WHAT TO DO
Your output should be the lines below from the one holding "Drop of bright" through the one holding "Kaukasische mens die", transcribed exactly, with no pictures.

MATERIAL SHOWN
::::
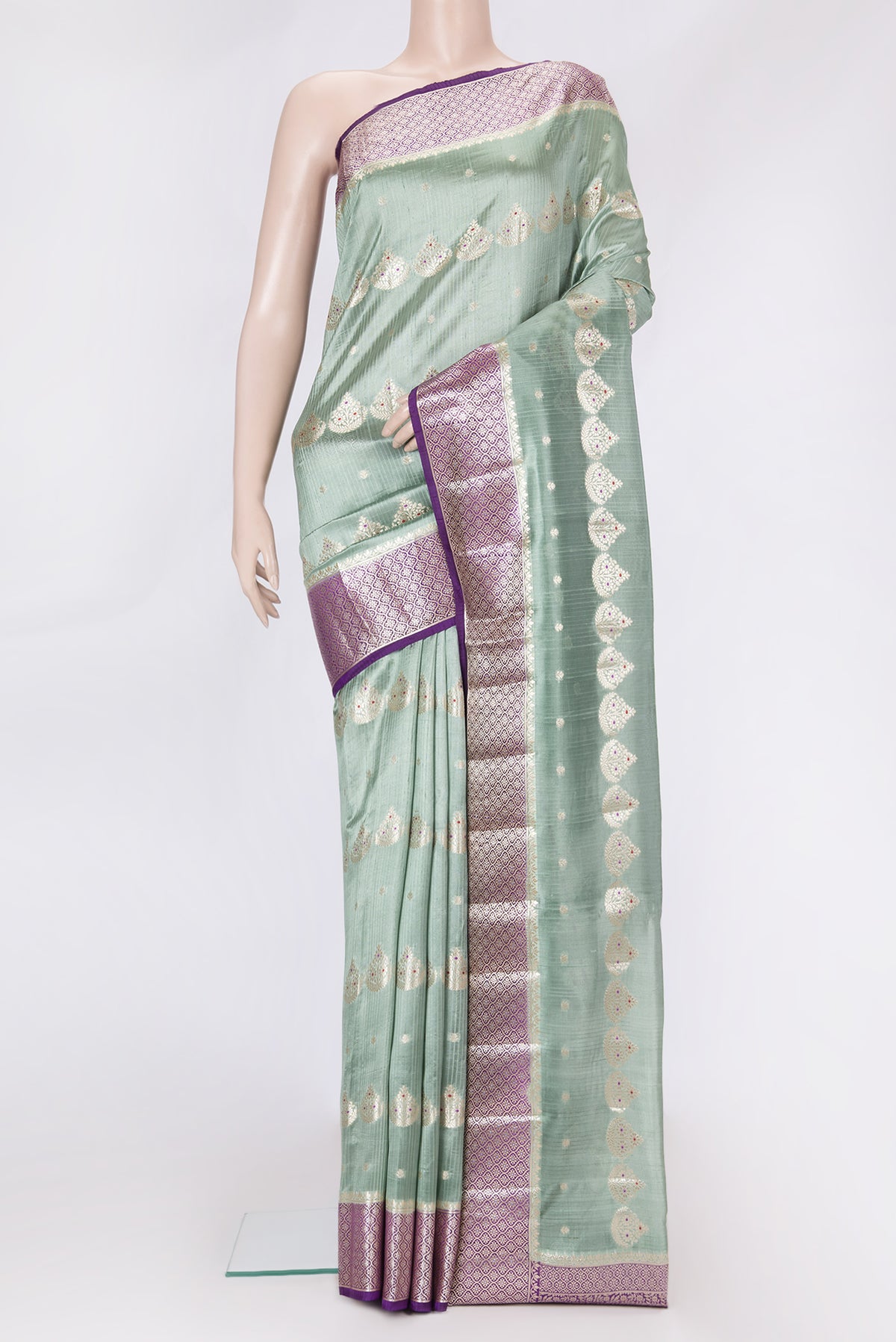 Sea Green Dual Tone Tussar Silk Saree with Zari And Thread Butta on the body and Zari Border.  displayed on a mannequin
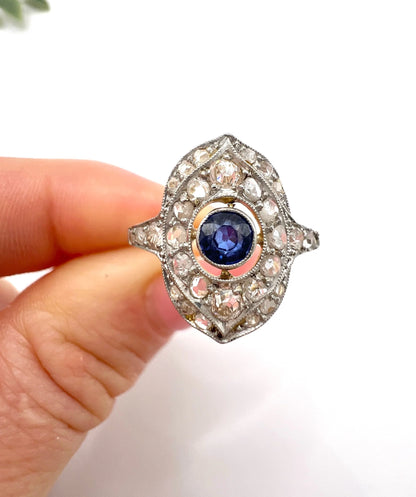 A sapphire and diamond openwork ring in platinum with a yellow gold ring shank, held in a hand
::::
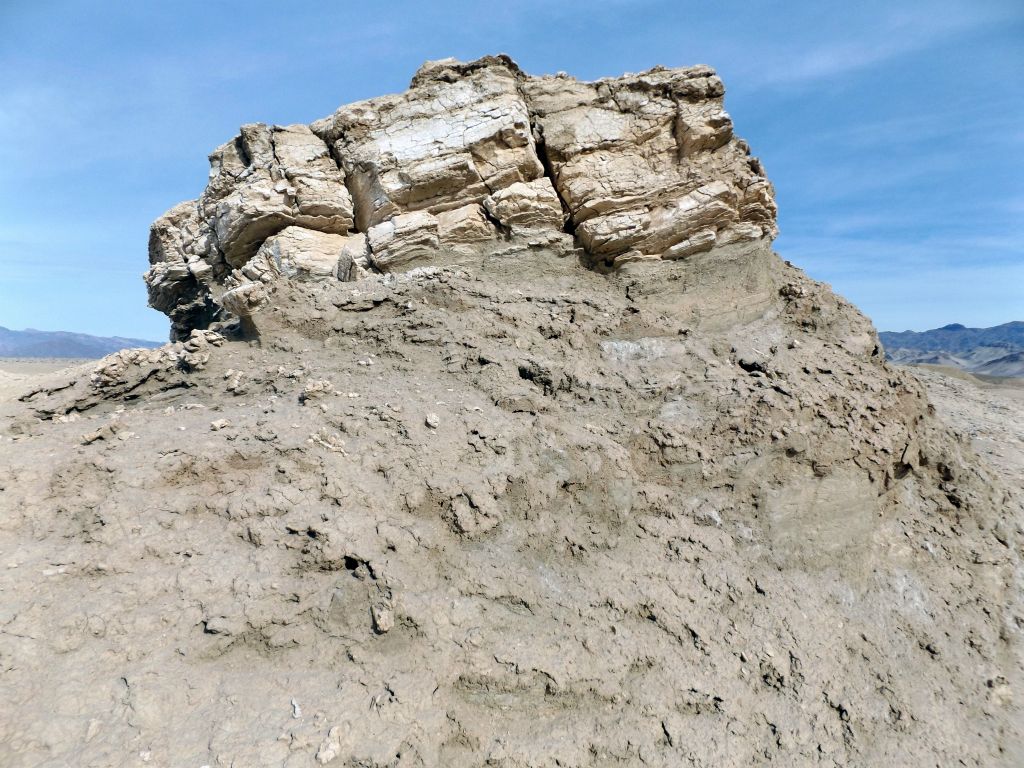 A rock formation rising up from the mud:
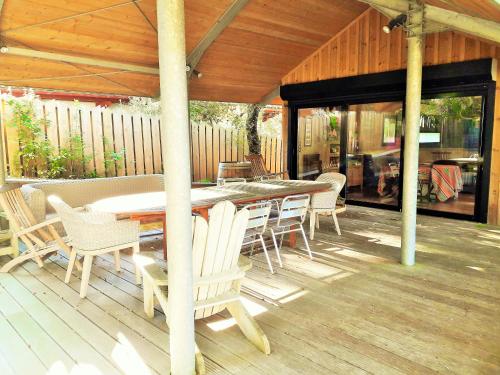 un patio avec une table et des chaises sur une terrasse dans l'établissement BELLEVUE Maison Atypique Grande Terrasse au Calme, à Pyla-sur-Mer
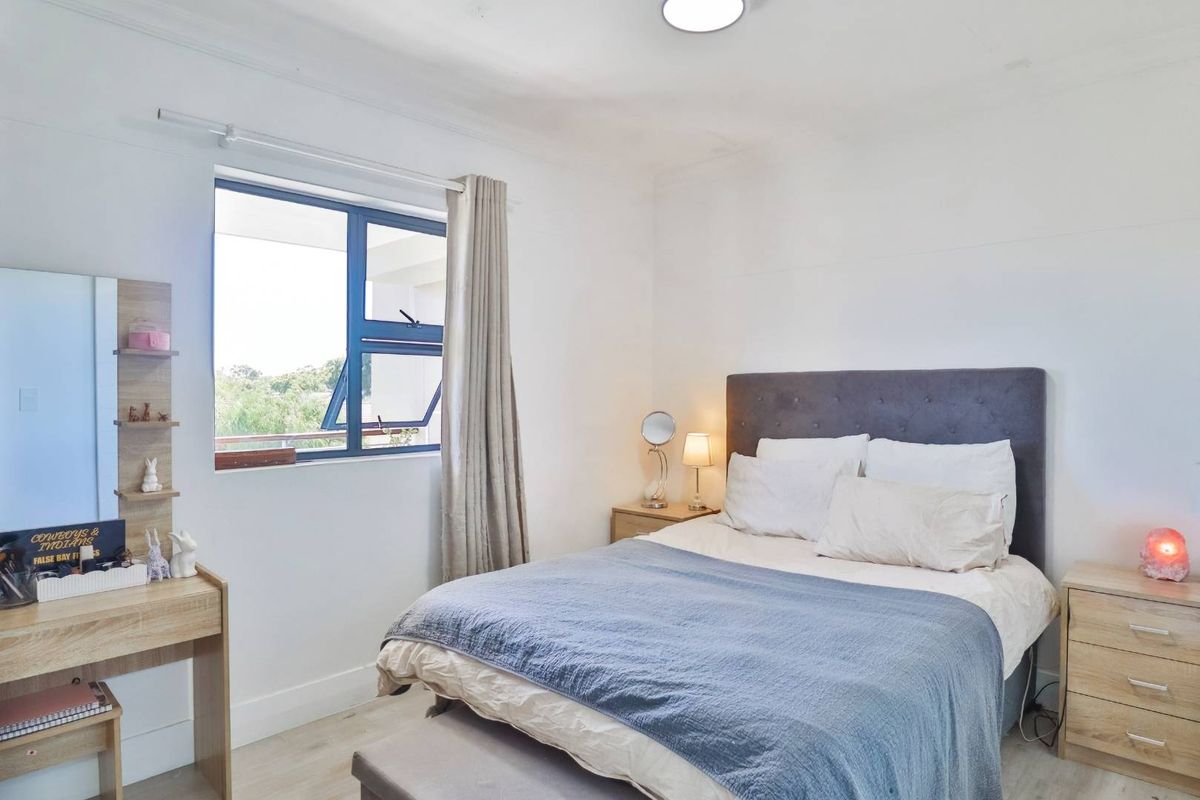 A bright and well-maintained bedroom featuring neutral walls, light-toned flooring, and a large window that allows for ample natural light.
::::
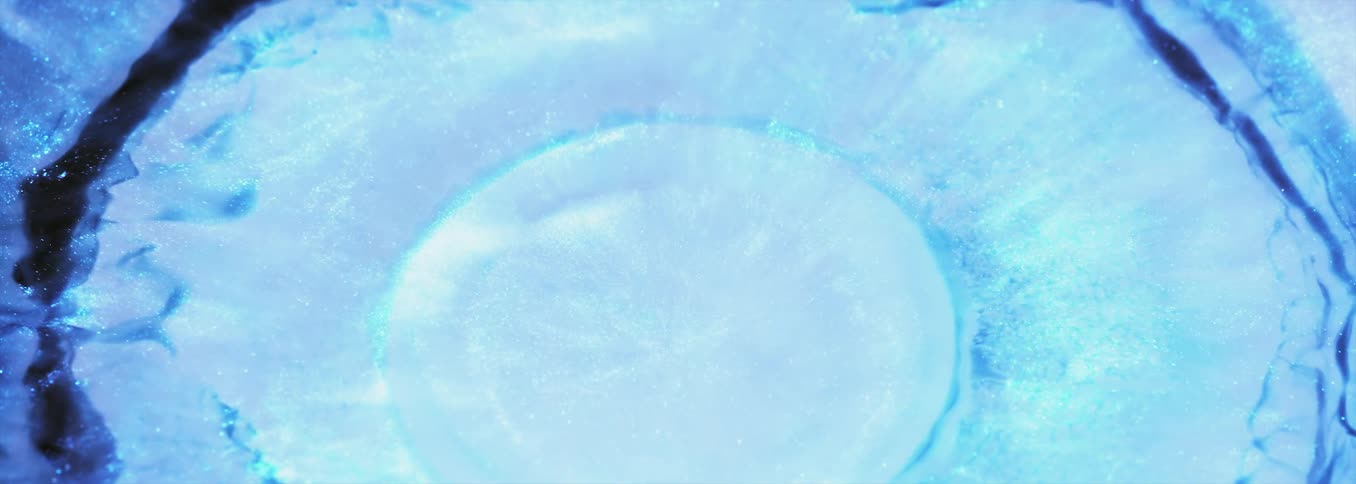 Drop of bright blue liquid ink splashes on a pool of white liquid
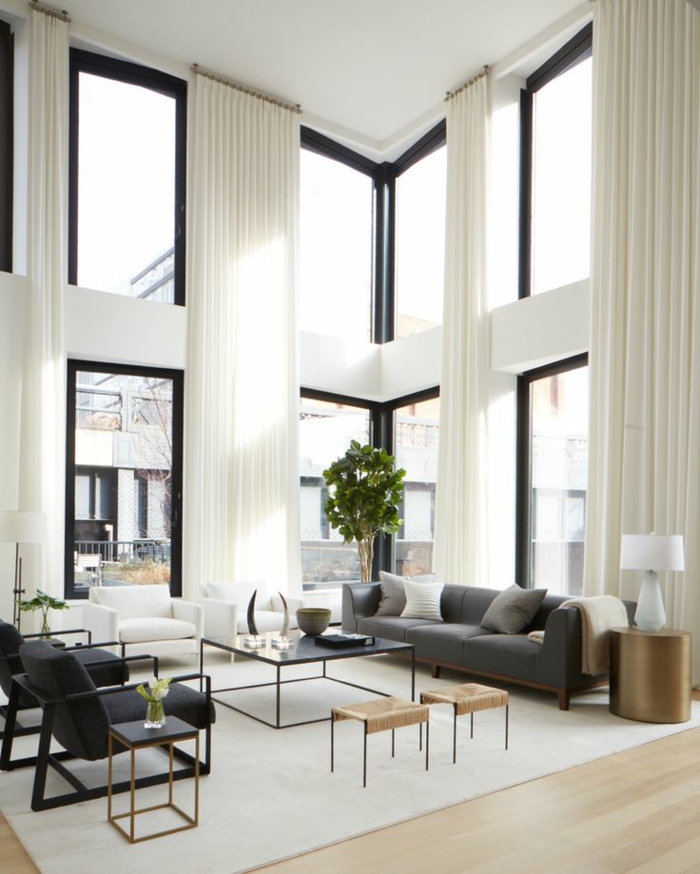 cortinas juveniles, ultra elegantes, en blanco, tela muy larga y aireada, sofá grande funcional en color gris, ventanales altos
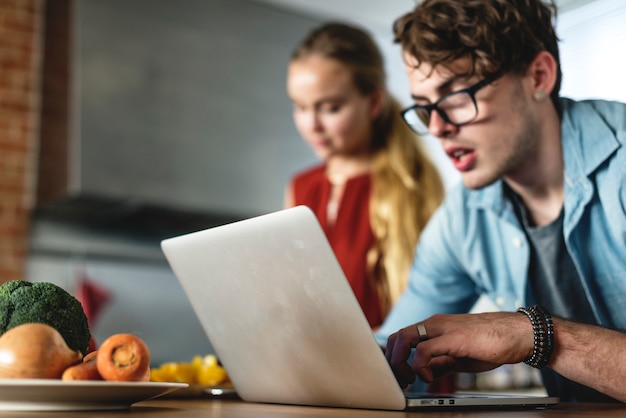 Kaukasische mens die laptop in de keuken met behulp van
::::
TASK OUTPUT
 Drop of bright blue liquid ink splashes on a pool of white liquid
 cortinas juveniles, ultra elegantes, en blanco, tela muy larga y aireada, sofá grande funcional en color gris, ventanales altos
 Kaukasische mens die laptop in de keuken met behulp van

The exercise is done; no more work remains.